Evli bir adam için; adam sonunda karısına mor cepken giydirdi sözü, o erkek için utançların en ağırıdır. O erkek, evine kapanır ve günlerce dışarı çıkamaz, çıksa da kimsenin yüzüne bakamaz.
Evli, yaşlı kadınlar, mor cepken giyen kadının çevresine toplanırlar.
Yaşlı erkekler de, utançdan evine kapanan erkeğin evinde toplanırlar, tarafları barıştırmaya, karısına 'mor cepken'ni çıkartmak için, kocayı sıkıştırmaya, ondan ödün almaya çalışırlar."
Bu tırnak içerisindeki yazı Osman Şahin'in yakın bir zamanda yayımlanacak olan "Mor Cepken" isimli kitabının konusuna dair kısa bir bilgilendirici alıntı bir yazı.
Şimdi başa dönüp Seyit Alp'in sorusuna cevaben başlarsam; şu an yaşayan, yani hayatta olan yazar ve sayısız ödülün sahibi senarist Osman Şahin.. diye parmak kaldırırdım!.
Osman Şahin'i bunca yazıp onu doğuran anayı da yazmamak olmaz!.. Mayanın nereden geldiğini bilmek gerek!.. Bunun için Osman Şahin' in annesiyle yaşadığı bir konuşmaya yer vermem gerek: Yazar, kazandığı edebiyat ödülünün sevincini paylaşmak üzere Mersin'in Aslanköy'ünde yaşayan annesine telefon açar.. Telefonun öbür ucundaki annesinin sesini duyan Şahin, coşkuyla konuşur: "Ana, ödülü bana verdiler.. Birinci oldum.." Karşı taraftan ses gelmez, annesinin kendini duyamadığını düşünerek tekrar eder: "Ana birinci oldum...Birinci.." Kısa bir sessizlikten sonra Osman Şahin'in annesi oğlunu teselli eder: "Üzülme oğlum.. İlerde inşallah ikinci de olursun, üçüncü de olursun, dördüncü, beşinci de olursun!."
"Mor Cepken" eskilerde kalmış, maalesef unutulmuş bir Türkmen geleneği ve günümüzde içine saklanılan sözüm ona modern insanın çözüm diye bulduğu "Mor Çatı"..

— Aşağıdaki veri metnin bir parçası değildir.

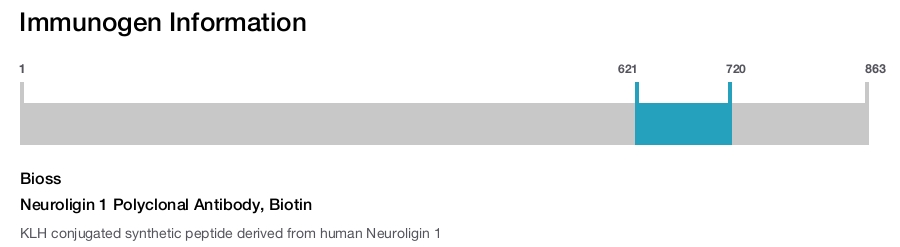 Neuroligin 1 Polyclonal Antibody, Biotin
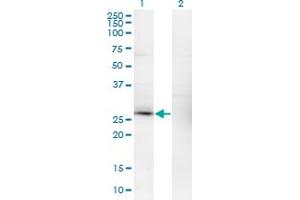 DREAM antibody  (AA 1-256)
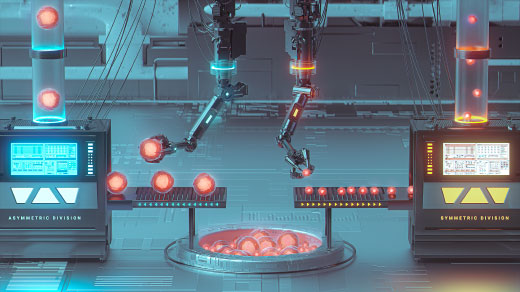 An illustration of a machine with two mechanical arms sorts cells by size into processing lines marked “Asymmetric Division” and “Symmetric Division.”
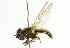  (Cheilosia ruficollis - CNC DIPTERA 101751)  @14 [ ] CreativeCommons - Attribution (2011) CNC/CBG Photography Group Centre for Biodiversity Genomics
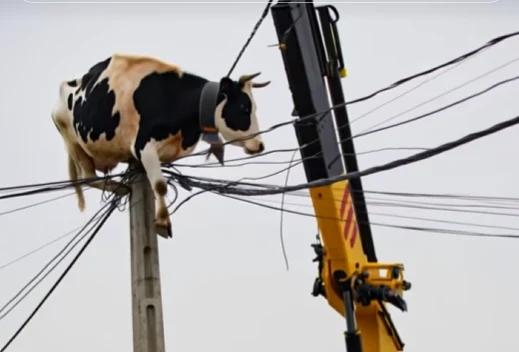 Bizarno: krava obtičala na električnem drogu, reševanje pa postalo viralno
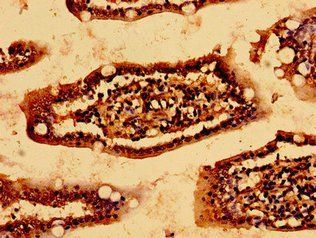 HSCB Antibody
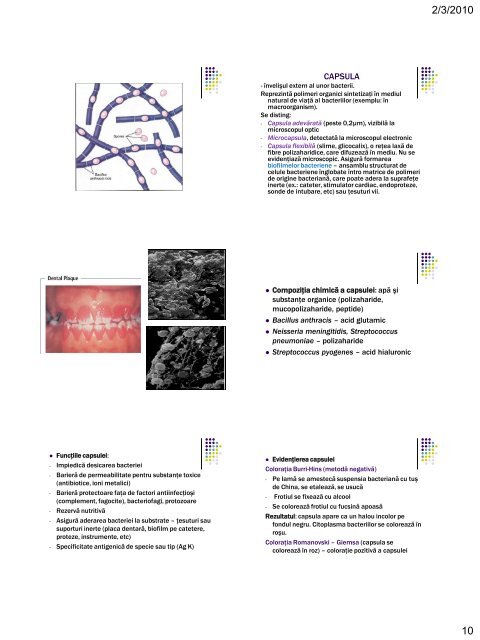 ultrastructura bacteriilor. elementele de structura constante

Birinde yedi düvele ibret-i alem olsun diye giyilip insan içerisine çıkılırken, diğerinde yine ibret-i alem olmasın diye içine girilip can güvenliği için saklanılıyor!..
Dünyayı evladına ileride birincilikten çok; ikincilik, üçüncülük, beşincilik öğütleyen kadınlar kurtaracak!..
8 Mart Dünya Kadınlar Günü Kutlu olsun!..
Amel Defteri/
Mart2016 Kundu/Antalya
Teşekkürler..:-) Sağ olun, var olun..
Anlatılan olayların sosyolojik de bir derinliği var aslında biz de bilgi sahibi olduk Dursun bey sayesinde. Evet sekiz mart dünya kadınlar günü geldi ve geçti ama kadınlara yapılan haksızlıklar devam ediyor gündemden düşmüyor bir türlü. Dileyelim biz erkekler kadınların/kadınlarımızın da insan olduğunu akıldan çıkartmayalım. Güzeldi yazı tebrikler içtenlikle Dursun Beye...👍
Ahmet bey,teşekkürler..:-)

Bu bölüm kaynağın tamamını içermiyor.